Love, not hate, sounds trite, but there is a “Golden Rule” in every major religion on the planet (listed on p. 62 of my book).
Education is key, from Martin Luther’s 16th century catechism for use in homes, to the Pilgrims at Jamestown, to hidden signs and secret meetings for slaves to learn to read, to American frontier McGuffey’s Reader, to Mao’s Little Red Book, to Martin Luther King’s Why We Can’t Wait and Letter from a Birmingham Jail, among others.
Of greatest concern is how the ill-treating of police will be effective in influencing changes in police behavior. Demonstrating is fine. One of our freedoms. Our concern is that it be done in such a way that friends can be made with those one is trying to influence. University administrators may be weak-kneed, but elected officials and police are not.

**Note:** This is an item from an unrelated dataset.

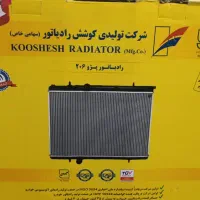 رادیاتور پژو206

The Civil Rights Movement collapses when the Bill of Rights, due process, and the rights of others are not supported. We urge all interested in our communities to develop action plans and then act on those plans to improve education so that jobs and housing can be made possible.
We need to be united as a community to achieve shared goals. Damaging credibility of key organizations damages opportunities for Minnesota’s African Americans.
Unwanted negative commentary about the NAACP and its military wing, Black Lives Matter, blocks dealing with the issues of the day, as does berating and insulting African American police officers. And yet, so far, no organization has stepped up to ask about reconciliation. Time to do so.
We hear rumors that National NAACP in Baltimore is not happy with leaders of the Minneapolis branch. If so, there may yet be hope for the national NAACP.
We know the National NAACP expects a meeting of the branch leadership and membership before Christmas to assess (1) strengths, (2) weaknesses, (3) the damage to the Minneapolis NAACP in light of the occupation, and (4) to assess other relationships of the NAACP branch with the Department of Justice, the offices of Governor Mark Dayton, and with other organizations, Black and White. We urge attention be paid to developing real plans (and we offer the 46 “solution papers” archived on our “The Minneapolis Story” website as available resources).
We fully recognize the Black police officers whose thin blue line is desperately attempting to improve police-community relations. For our own sakes, we as a community need to rise above all the noise and anger and work out our own formula of peace.